The performance (in terms of IPS) depends on core and uncore frequencies. A lower core frequency may be overcompensated by a higher uncore frequency (e.g., for the 2.3 and 2.4 GHz results). A performance gain of 1 % can be seen when reducing the frequency setting from turbo to 2.3 GHz. The different power characteristics of the processors can lead to performance imbalances as described in [24].

## VI. P-STATE AND C-STATE TRANSITION LATENCIES

# A. P-State Transition Latencies

The introduction of integrated voltage regulators, per core frequency domains, and improvements in the power control unit (PCU) have a direct influence on the latency and duration of ACPI processor state [25] transitions. To examine the new architecture, we use FTaLaT [26] for p-states and the tools developed by Schöne et al. [27] for c-states. We modified FTaLaT in the following ways:

• The original FTaLaT reads scaling\_cur\_freq from the Linux *cpufreq* subsystem to verify frequency settings. However, these readings are not reliable indicator for an actual frequency switch in hardware. We therefore add a verification by reading the PERF\_COUNT\_HW\_CPU\_CYCLES performance counters via the Linux *perf events* subsystem for a 20 µs busy-wait loop.

- We change the confidence level from 95% to 99%.
- We parallelize FTaLaT to be able to capture transition times from two different cores in parallel.
- We recalculate the confidence intervals when the presumed performance level of the target frequency doesn't match the measured performance in a later stage.

Despite these changes, initial measurements still indicate a wide range and high fluctuation of transition latencies. We therefore take 1,000 measurements for a single pair of start and target frequencies. We chose 1.2 and 1.3 GHz, but other frequency pairs yield similar results.

Figure 3 depicts the results of four experiments with 1,000 results each as a histogram. With frequency change requested at random times, the resulting latency is evenly distributed between a minimum of 21  $\mu$ s and a maximum of 524  $\mu$ s. Requesting a frequency transition instantly after a frequency change has been detected leads to around 500  $\mu$ s in the majority of the results. If we introduce a 400  $\mu$ s delay after the last frequency change, the transition time is typically about 100  $\mu$ s. If the delay is in the order of 500  $\mu$ s, the transition latencies can be split into two different classes–some yield an immediate frequency change while others require over 500  $\mu$ s.

These results indicate that frequency changes only occur in regular intervals of about  $500 \,\mu$ s. The distance between the start



Fig. 3. Histogram of frequency transition latencies for switching between 1.2 and 1.3 GHz, depending on the time since the last frequency change.



Fig. 4. Presumed mechanism for p-state changes on Intel Haswell-EP processors.

and the target frequency has negligible influence compared to the  $500 \,\mu s$  delay. The assumed frequency changing mechanism is depicted in Figure 4.

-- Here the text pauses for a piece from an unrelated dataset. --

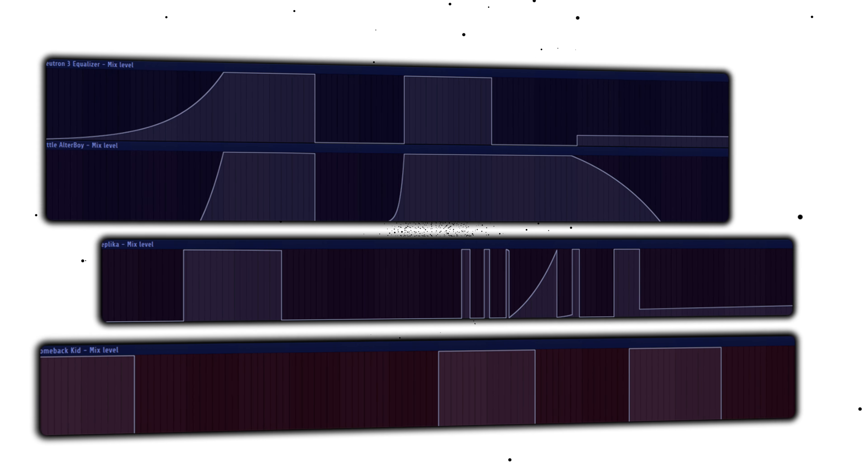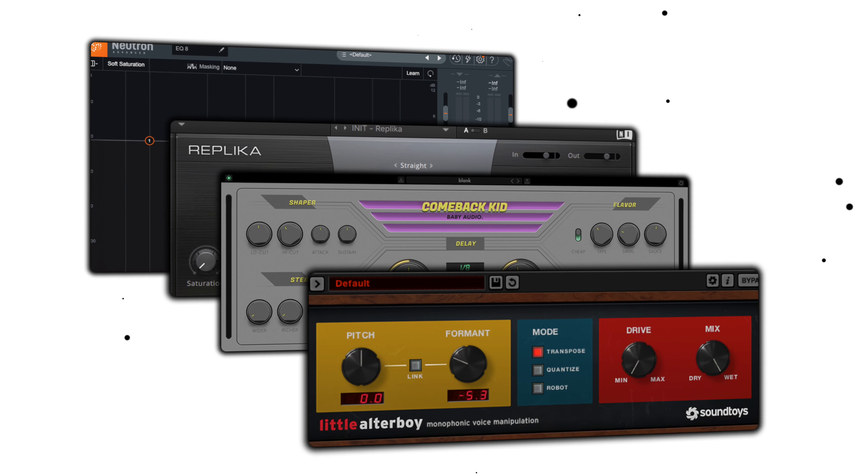Right here, you can see there are four effects that I've automated, and also two parameters that I've automated. Neutron 3, Little Alter Boy, and Replica are all there to introduce some sounds to the vocal sample. By using automation, I can combine the filter of the EQ with the formant-shifting effect from Little Alter Boy. And if I want to make it sound wet and vibey, I'll just add a little delay throw from Replica. Comeback Kid is basically doing the same thing, only for the guitar layers playing under the vocal sample. The beat ended up sounding way more vibey, way more atmospheric, way more lush — just an all-around better beat.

In another experiment we measure two parallel threads changing the frequency of two different cores simultaneously. The results show that cores on the same processor change their frequency at the same time, while cores on different processors transition independently. This means the 500  $\mu$ s update interval is driven by an external source, presumably the PCU, as it already handles turbo frequencies according to [17].

It should be noted that the ACPI tables report an estimated  $10\,\mu s$  for p-state transition latencies. This is not supported by the measurements and can hence be considered inapplicable. It is also important to note that on previous processors (including Haswell-HE), p-state transition request are always carried out immediately (requiring only the switching time).

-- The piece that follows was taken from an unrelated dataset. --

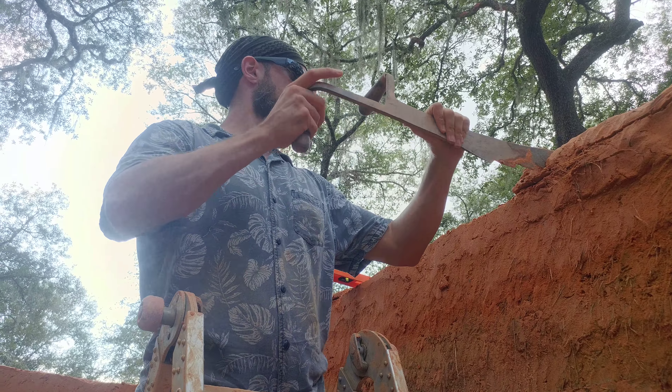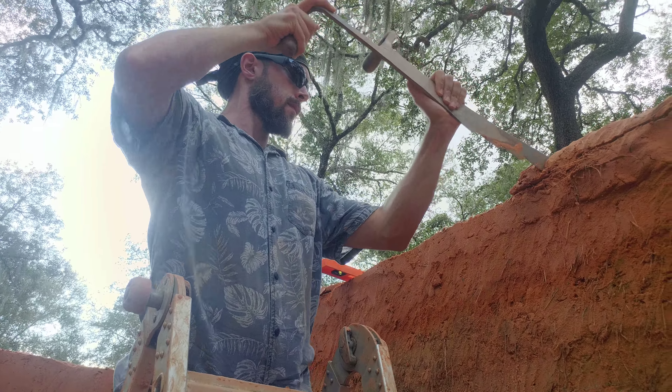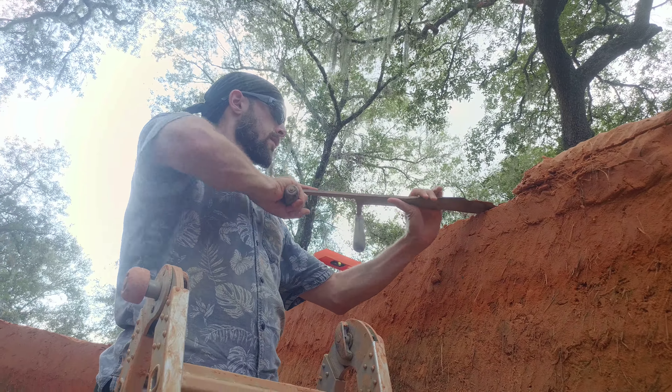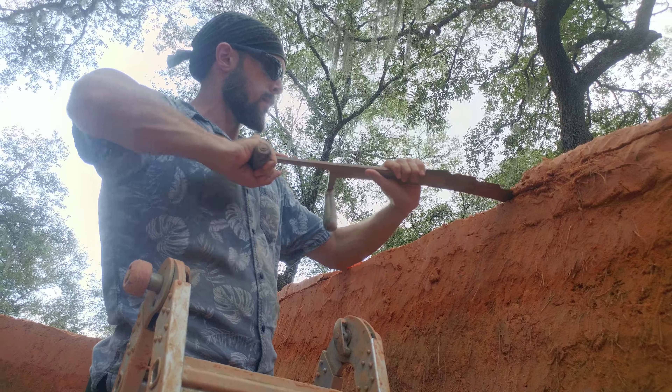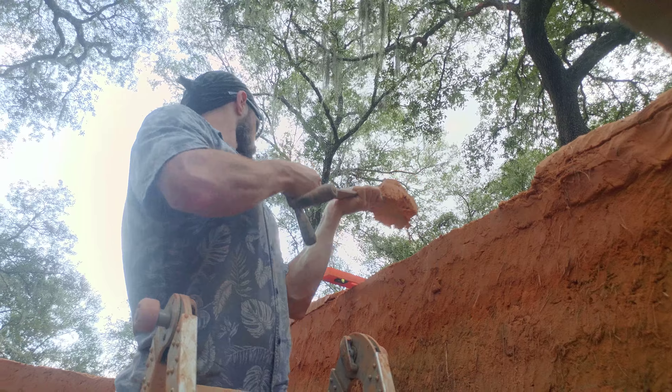This is Alex. He is using the hacksaw and following the line across the top, cutting the excess into sections. Cutting horizontally, picking it up with the hacksaw and dropping it to the ground.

# B. C-State Transition Latencies

C-state transition latencies reflect the time a processor core needs to return from an idle state to a functional mode (C0). In [27], we present results for several x86 processors, showing that transition latencies depend on the processor frequency, the relationship between the involved processor cores, and the idle state of the other cores on a processor.

In Figure 5, *local* measurements represent scenarios with both cores (waker and wakee) located on the same processor

while for *remote* measurements they are located on different processors. In the *local* and *remote idle* scenario, one core wakes up another core in an idle system. In the *remote active* scenario, a third core is preventing the remote processor from going to a package c-state. The transition times for C3 states are mostly independent of the core frequencies. However, the latency is  $1.5 \,\mu s$  higher when frequencies are greater than  $1.5 \,GHz$ . As depicted in Figure 5c, the package C3 state increases the latency by another two to four microseconds.

Transition times from C6 states depend strongly on the processor frequency, as depicted in Figure 6. Compared to C3, the latency is increased by 2 to 8  $\mu$ s in the local C6 case. However, the package C6 state increases latency by 8  $\mu$ s, compared to package C3. Transitions from C1 (not depicted) are below 1.6  $\mu$ s for local measurement and up to 2.1  $\mu$ s for remote measurement (at 1.2 GHz core frequency). Even when assuming that caches are flushed and re-read from DRAM when changing c-states, the c-state transitions happen faster than p-state (core frequency) transitions.

It is interesting to note that the measured transition times for C3 and C6 are lower than the definitions in the respective ACPI tables (33 and 133  $\mu$ s). These tables are used by the operating system to decide which c-state to use for an assumed idle interval. The discrepancy between the measured and defined latencies underlines the need for an interface to change these tables at runtime.



Fig. 5. Idle transition latencies for different C3 scenarios in comparison to Sandy Bridge EP processors (grey)



Fig. 6. Idle transition latencies for different C6 scenarios in comparison to Sandy Bridge EP processors (grey)



Fig. 7. Scaling of shared main memory and L3 cache bandwidth at maximum thread concurrency, normalized to the bandwidth at base frequency.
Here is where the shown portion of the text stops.